Creating the simulation had several challenges. These included getting the robot to use reason about the correct placement of new objects, getting the robot to adapt to new environments, and getting it to work through choices when there are multiple correct locations a misplaced object could go.
Szot said what attracted him to the project was the idea of creating a robot that didn’t need to be told where to put something, whereas in his previous work, that’s exactly what he had to do.
“If you wanted it do something like clean up the house, you would have to tell it, ‘Hey, robot, move that object to there,’” Szot said. “It’s very tedious to specify that. We took the first step of saying let’s give the robot some commonsense reasoning. It might not be specific to a person; it might just be capturing more generally what people think, but it captures a lot of important situations. It’s able to handle most of those situations in which people agree the object belongs there or the object doesn’t belong there.”
Using text from the internet, the team informed the AI that drives the robot by fine-tuning a large language model based on human preferences.
“The way we approached solving this problem is we took this external source of knowledge from text on the internet and these language tasks, and so from natural language processing we took that information and used it to give our robot some idea of this common sense,” Szot said. “It wasn’t purely from the house it learned how to do these things. From articles or texts online, it was able to distill this commonsense reasoning ability and then apply it.”

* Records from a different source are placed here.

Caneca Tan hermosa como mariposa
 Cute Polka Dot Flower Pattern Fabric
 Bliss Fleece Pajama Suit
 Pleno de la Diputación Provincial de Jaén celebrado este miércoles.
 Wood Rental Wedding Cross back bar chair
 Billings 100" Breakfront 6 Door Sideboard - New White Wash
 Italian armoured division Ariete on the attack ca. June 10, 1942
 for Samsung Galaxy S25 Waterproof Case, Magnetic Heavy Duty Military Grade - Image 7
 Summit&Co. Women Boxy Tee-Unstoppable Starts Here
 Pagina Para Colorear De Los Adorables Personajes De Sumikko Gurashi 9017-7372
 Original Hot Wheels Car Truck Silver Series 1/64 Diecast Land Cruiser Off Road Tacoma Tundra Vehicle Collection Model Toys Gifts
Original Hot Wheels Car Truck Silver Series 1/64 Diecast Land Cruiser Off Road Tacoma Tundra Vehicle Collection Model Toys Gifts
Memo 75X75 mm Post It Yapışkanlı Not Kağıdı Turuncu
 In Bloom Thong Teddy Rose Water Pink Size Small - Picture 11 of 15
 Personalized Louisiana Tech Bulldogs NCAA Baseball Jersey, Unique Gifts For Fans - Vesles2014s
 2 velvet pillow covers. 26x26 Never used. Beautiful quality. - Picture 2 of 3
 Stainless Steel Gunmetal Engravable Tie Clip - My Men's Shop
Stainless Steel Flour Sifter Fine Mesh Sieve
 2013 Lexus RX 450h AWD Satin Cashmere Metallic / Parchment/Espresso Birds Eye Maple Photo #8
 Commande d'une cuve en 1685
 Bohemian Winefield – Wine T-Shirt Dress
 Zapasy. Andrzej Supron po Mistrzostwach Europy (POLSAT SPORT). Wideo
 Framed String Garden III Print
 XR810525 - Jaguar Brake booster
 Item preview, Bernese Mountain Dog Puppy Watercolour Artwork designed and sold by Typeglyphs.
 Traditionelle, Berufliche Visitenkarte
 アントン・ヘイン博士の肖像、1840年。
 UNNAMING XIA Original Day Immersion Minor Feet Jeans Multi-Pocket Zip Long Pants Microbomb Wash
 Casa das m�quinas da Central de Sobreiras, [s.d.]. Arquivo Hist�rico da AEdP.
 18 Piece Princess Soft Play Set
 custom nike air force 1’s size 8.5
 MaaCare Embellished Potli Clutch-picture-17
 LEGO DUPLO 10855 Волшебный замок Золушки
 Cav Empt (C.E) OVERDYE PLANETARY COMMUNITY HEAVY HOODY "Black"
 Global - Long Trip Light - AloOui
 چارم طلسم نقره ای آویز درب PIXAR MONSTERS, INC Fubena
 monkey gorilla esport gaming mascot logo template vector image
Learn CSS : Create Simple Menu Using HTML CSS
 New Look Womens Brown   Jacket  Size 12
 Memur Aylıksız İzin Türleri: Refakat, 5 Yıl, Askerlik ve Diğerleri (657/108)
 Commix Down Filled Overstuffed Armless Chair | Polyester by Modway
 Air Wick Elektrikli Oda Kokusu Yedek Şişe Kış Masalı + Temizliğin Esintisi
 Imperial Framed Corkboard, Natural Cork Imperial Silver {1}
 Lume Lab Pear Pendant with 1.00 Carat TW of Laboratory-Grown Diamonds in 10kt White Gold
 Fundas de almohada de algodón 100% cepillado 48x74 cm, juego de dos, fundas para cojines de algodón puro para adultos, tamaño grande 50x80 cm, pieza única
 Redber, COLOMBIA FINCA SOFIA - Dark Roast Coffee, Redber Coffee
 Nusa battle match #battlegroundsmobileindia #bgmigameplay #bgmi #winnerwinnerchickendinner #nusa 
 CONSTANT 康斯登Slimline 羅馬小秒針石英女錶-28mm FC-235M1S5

Kant said using language models allows the AI to distinguish between objects and whether those objects should go together. He added that he thinks that the language model used to train the AI can be fine-tuned by extracting content from web articles related to housekeeping.
“Language models have shown very promising results in trying to extract semantics, like whether two things — say an apple and fruit basket — go together in a household,” Kant said.
The team is just at the tip of the iceberg, and the virtual simulation serves only as a proof of concept. It’s a long-term project that will continue to explore new possibilities, which include creating a robot that can tidy a household according to specific user preferences.
But the successful use of NLP methods to inform a novel AI could break new barriers in the creation of new systems in which organization is the focus.
“It’s a benchmark for the rest of the community to use,” Szot said. “Hopefully this is something for people to gather behind to focus on this very realistic task setting of cleaning the house. We showed that you can create these embodied agents that can use this external knowledge and learn commonsense and use it in embodied robotic settings.”
“I think the data that we collected is pretty significant in the sense that we now have a few hundred annotations for where each object should go in houses and where they’re likely to be found in untidy houses, and I think that information can guide a lot of systems,” Agrawal added. “I feel like we are starting to now see people saying all these annotations can be used for building their own systems and benchmarks.”